In pursuit of their overriding goal of monopolizing power and wealth for themselves, their families, and their cronies, today’s dictators “will reach for whatever ideology, whatever technology, and whatever emotions might be useful.... Only the purpose never changes: Autocracy, Inc., hopes to rewrite the rules of the international system itself.”
Applebaum’s thesis is familiar to readers of The Atlantic, where she’s a staff writer, and to the government officials, democracy activists, policy wonks, and media figures who frequent the global-conference circuit. (Her husband is Poland’s foreign affairs minister.) Compared to Applebaum’s previous, prizewinning histories of the Soviet era, Autocracy, Inc. is modest in scale. It’s less a work of scholarship than the kind of tightly argued, crisply written policy brief Washington insiders might flip through on their charter flights to Aspen.
From Moscow to Pyongyang, Caracas to Harare, anti-democratic strongmen have rarely had it so good.
It won’t be comfortable reading. Applebaum is unsparing in her criticism of Western elites for enabling the rise of anti-democratic forces. In the decades after the end of the Cold War, U.S. and European leaders talked about promoting democracy and the rule of law in formerly communist countries. Meanwhile, “Western companies and financial institutions were helping build autocracy and lawlessness, and not only in Russia,” making a killing in the process. Pushed by corporate interests, successive U.S. administrations also expanded trade with China, choosing to ignore the ways in which the Chinese Communist Party exploited technological and economic advances to dial up repression and consolidate power.

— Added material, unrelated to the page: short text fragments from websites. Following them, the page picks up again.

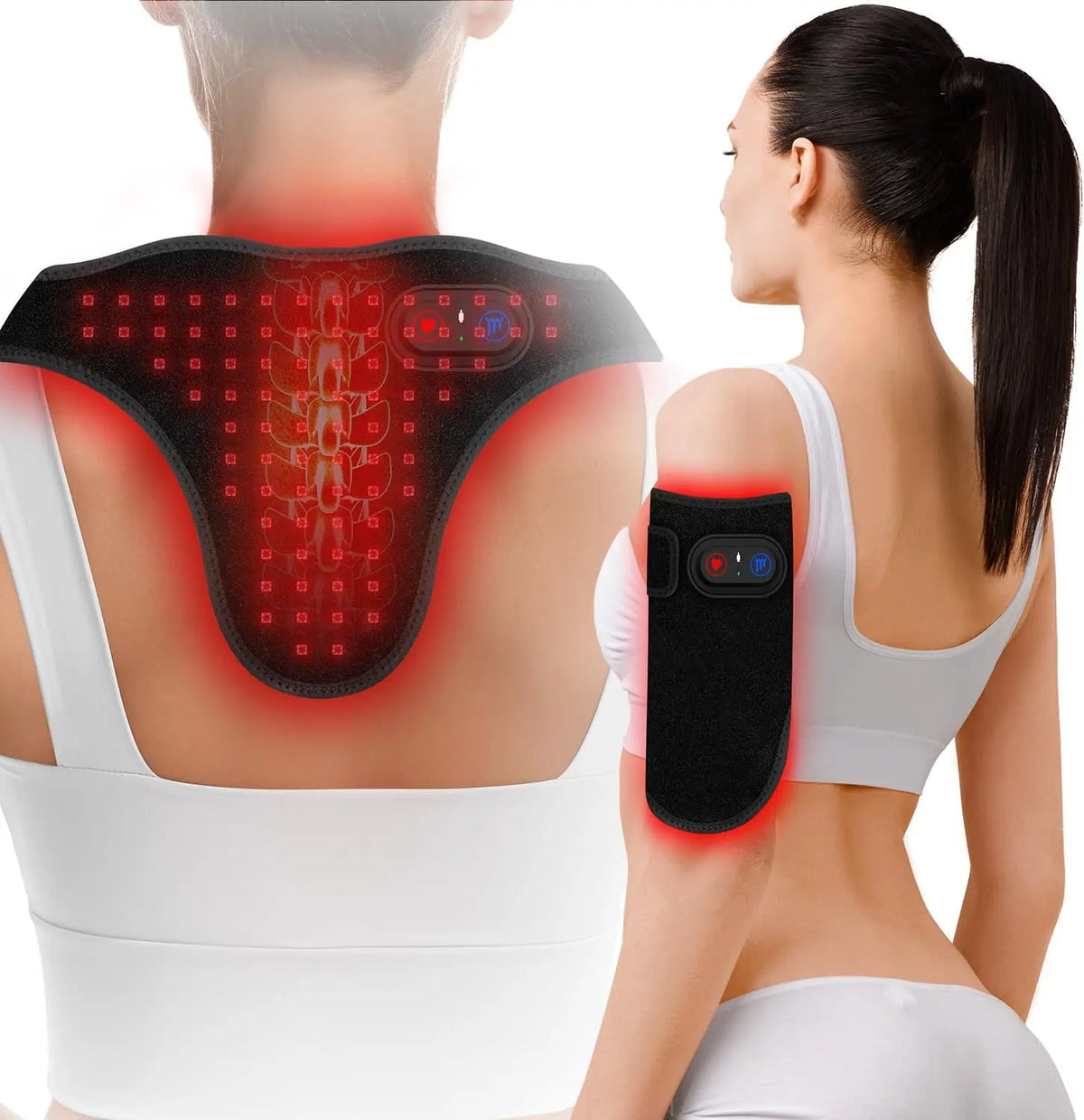 A woman is shown wearing a black red light therapy belt on her back, targeting the neck and shoulder area.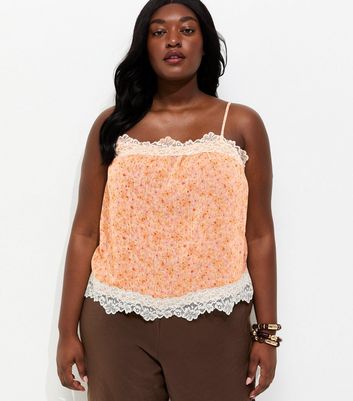Curves Pink Floral Chiffon Lace Trim Cami Top | New Look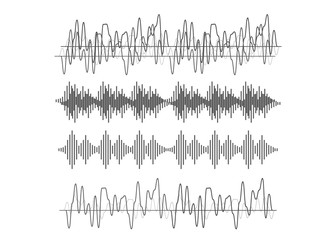 Obraz premium Sound waves vector. Sound waves sign and symbol in flat style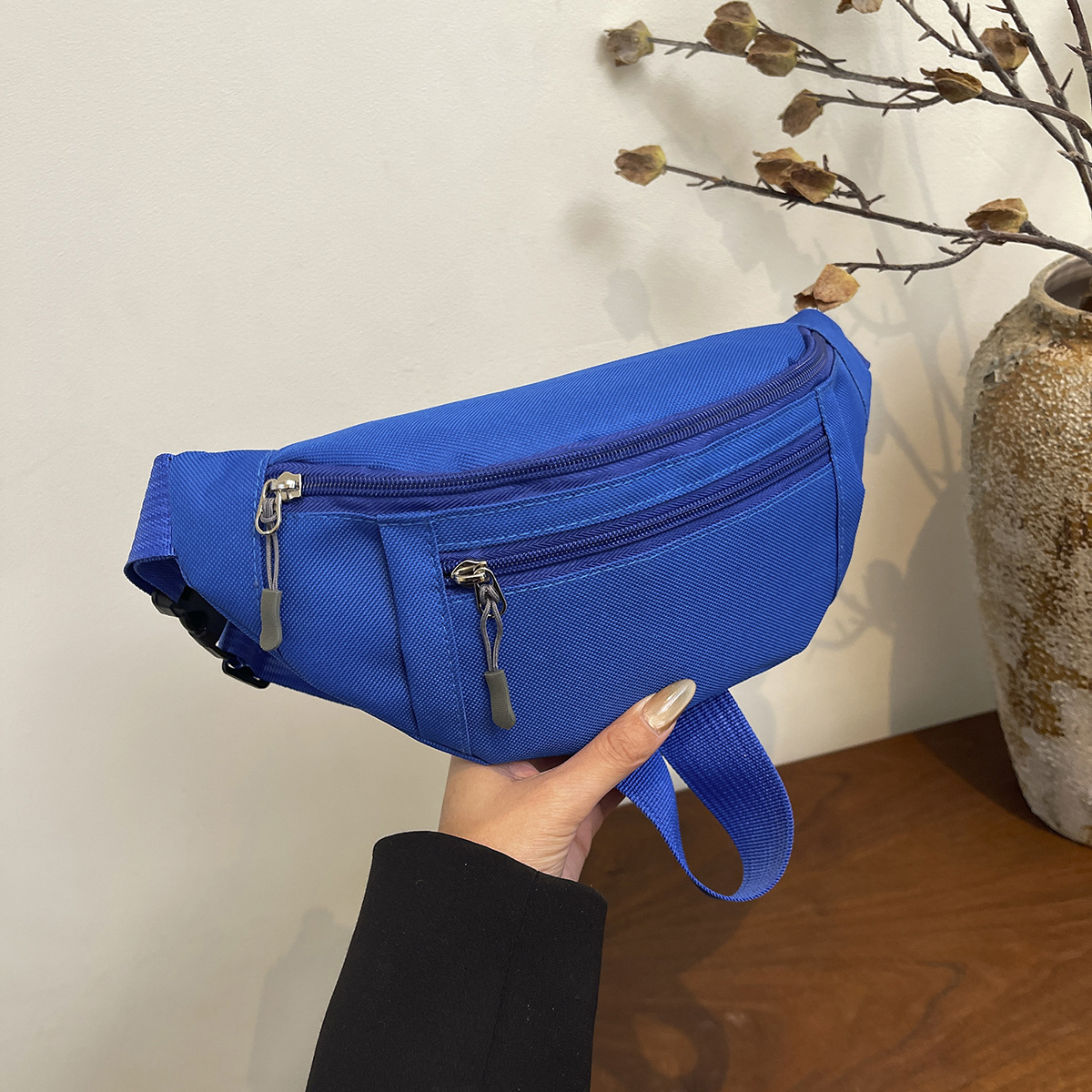 Casual women's waist bag, waterproof, single shoulder bag, crossbody bag, chest bag, fashionable backpack, multi-functional travel waist bag, coin purse, solid color.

Applebaum reserves particular contempt for those American leaders who insisted that information technology would help make the world safe for democracy. In one withering passage, she cites a “room full of foreign policy experts” who laughed along with Bill Clinton’s assertion in a 2000 speech that Chinese attempts to control the Internet would be like “trying to nail Jell-O to the wall.” Later, Applebaum settles the score with former New York Times executive editor Max Frankel, who, in a review of one of Applebaum’s earlier books, dismissed her prediction that Putin would eventually use the Internet to his advantage. “So far this century, technology has become a welcome defense against tyranny,” Frankel wrote. Needless to say, that line hasn’t aged well.
By the end of Autocracy, Inc., it’s hard not to be resigned to a future in which sinister forces increasingly dictate events, with the Russian invasion of Ukraine and Hamas’s terrorist attack on Israel foreshadowing the disorder ahead.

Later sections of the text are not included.